Depression and anxiety are typical parts of PTSD (and PPD for that matter) to the point that they are basically diagnostic criteria on their own. My therapist said that depression is a focus on the past while anxiety is a focus on the future. So the way to address them is to be in present. That makes a lot of sense to me, though we'll see if it helps. In short, there are 3 possible ways to get myself out of a bad spot when I find myself in one:

1. Safe space: a visualization technique where I craft and practice existing in a space that brings me peace and comfort. I'm not sure I'm comfortable sharing the specifics of my safe space yet, largely because I am alone in it. That could be because I genuinely desire and seek solitude or because I have trouble connecting to others and taking comfort from them. While I, like anyone, certainly do crave time to myself, I believe I fall into the second category. I don't trust people enough to open up to them as my weaknesses have too often been thrown back in my face.

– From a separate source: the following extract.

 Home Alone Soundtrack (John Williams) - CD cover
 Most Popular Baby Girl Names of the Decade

2. Grounding: this is the part where I focus on the present. I assess my senses; what is going on around me? What do I see, hear, smell? Am I hungry, tired, thirsty? I focus on the current and the concrete. I've tried it a little and didn't find it especially helpful. Yet.

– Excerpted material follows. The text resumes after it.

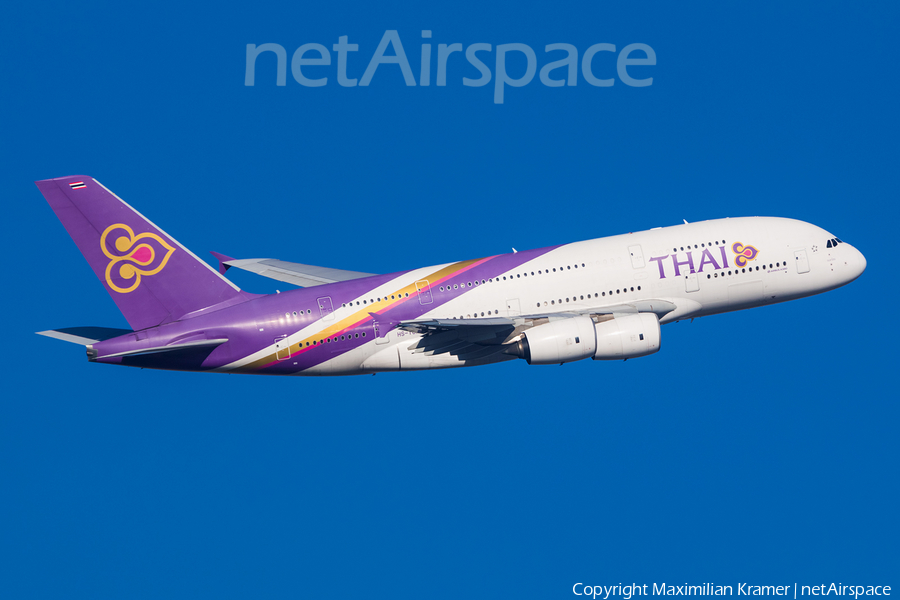 Thai Airways International Airbus A380-841 (HS-TUF) | Photo 391438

3. Meditative breathing: I'm a big believer in meditation. It's been scientifically proven to provide health benefits. Plus, I am bit of a sucker for yoga which is often meditative. I actually use that anxiety gif to slow my breathing at work, and it does help in the short term.

The idea is that we will use these techniques to help me cope with talking about my trauma. If I can tell my narrative, it should help me move on. But bringing all that stuff up is risky and can cause side-effects, so I have these techniques to use as needed. I've already told a large chunk of the story on this very blog, and apparently it didn't help, so we'll see how this goes. Herein comes the nightmare in which I was trapped in a version of The Walking Dead with my ex and literally ran out to be eaten to get away. (My dog saved me so... happy ending?) I could not move my body for about 10 minutes after waking and tried to use grounding to help me overcome the visceral feel that my abuser was standing behind me.

Theoretically, after we tell my "trauma narrative" and I get a good handle on my coping techniques, a lot of the depression and anxiety symptoms should fade. We will deal with what's left. Here's why I call bullshit. If you've ever taken one of these mental health questionnaires, you are familiar with the fact that they specify what symptoms you've experienced in the past week. I don't know about you, but if I'm in a decent enough place that I'm able to ask for help I haven't had a particularly bad week. So if I answer honestly, things don't look so bad. But if we were surveying the previous month, they'd be a lot worse. One of the darkest times of my life was several years after the wreck trauma (no PTSD there because I don't remember it) and several years before the abuse related trauma. I mean, we'll see. Maybe I'm totally wrong. I don't have great self-awareness.

I'm not feeling great, but I do feel a little more positive in the sense that at least I'm working on it. So far I like therapy. If nothing else, it's nice to dump all my fears and neuroses on someone else without feeling guilty for talking about myself.